It sounds like you have copies of your media drive, which you are using as your backups. That is fine, particularly with the re-assignment of drive letters described above.
But nothing is better than a real backup solution that supports incremental and differential as well as full backups, and can restore to a new hard drive as if it was the original drive, whether it was a System (boot) or data drive, and just works.
I could add Acronis True Image and Norton 360 backup to your list of failed backups solutions, that can't be relied upon when you really need them; when you have to recover from a disaster. After Norton failed me, and Norton support couldn't help me, I searched for a good backup solution, tested a bunch, and found only one that appears to be a good backup solution that does the job properly, like traditional backups solutions.

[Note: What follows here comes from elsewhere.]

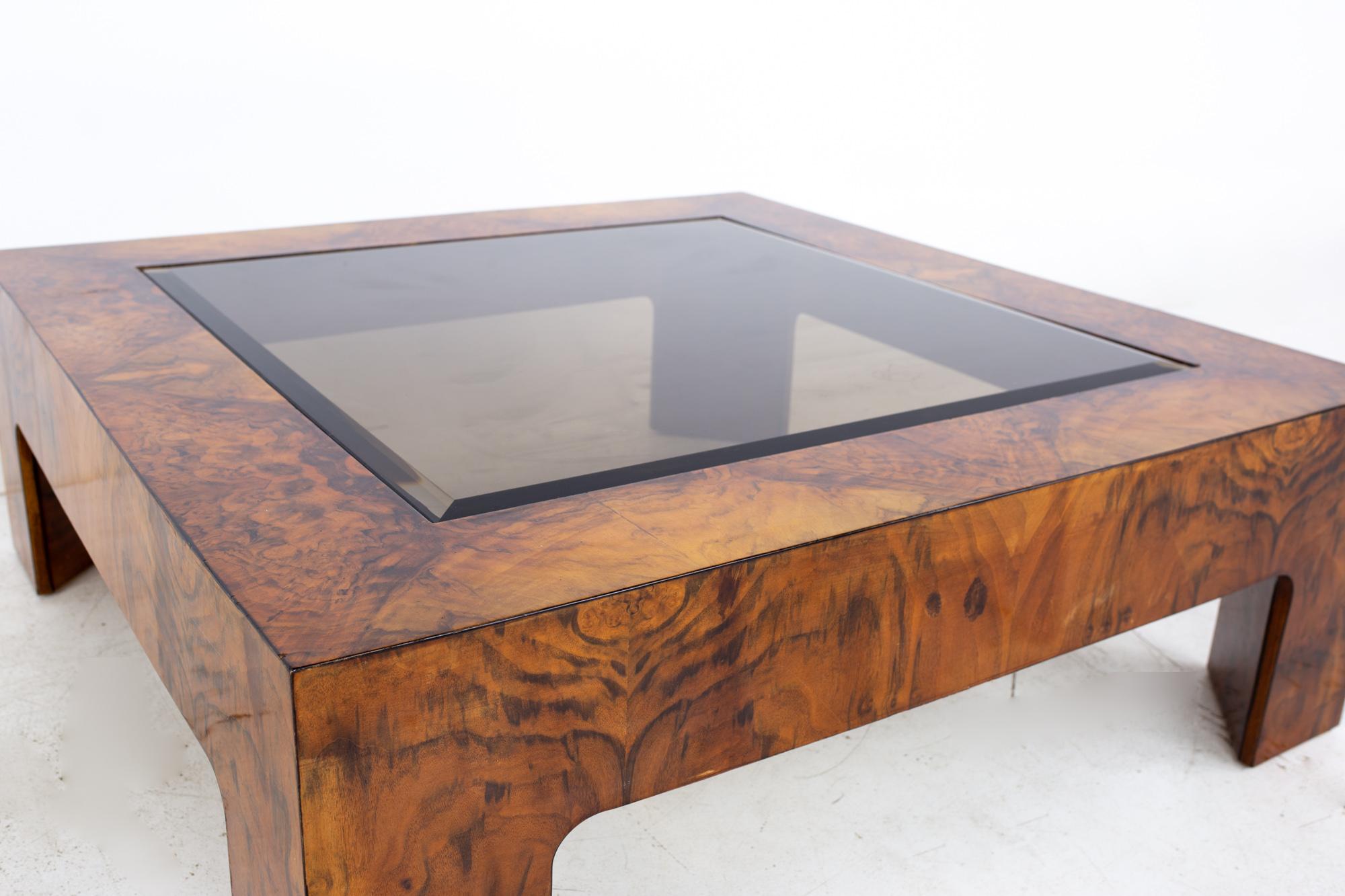 Late 20th Century Milo Baughman Style Mid Century Burlwood and Glass Square Coffee Table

That is EaseUS Todo Backup, Workstation version. See
http://www.easeus.com/backup-software/personal.htmlI haven't had to do a recovery "in anger" after a drive failed with it yet, but I did do real world system and data drive restores, on live hardware not a test system, and they worked well. EaseUS has been very reliable, and the company is fairly responsive with support requests. Certainly they have shown an interest and fixed stuff when I have had minor niggles with the software.
Anyway, I have no association with EaseUS except as a customer, but I can highly recommend their Todo Backup software. Not perfect, but good, and reliable. For my workstation PC, that is what I prefer to use. My media collection is way to big to backup at the moment, so I just monitor the drives with HD Sentinel, but when I get around to having a NAS or enough space, I would use EaseUS for media backup as well, since the Incremental backups make recovery of files at a point in time easy.
If you ever consider getting a real backup solution, instead of just copies of the hard disk, have a look at it.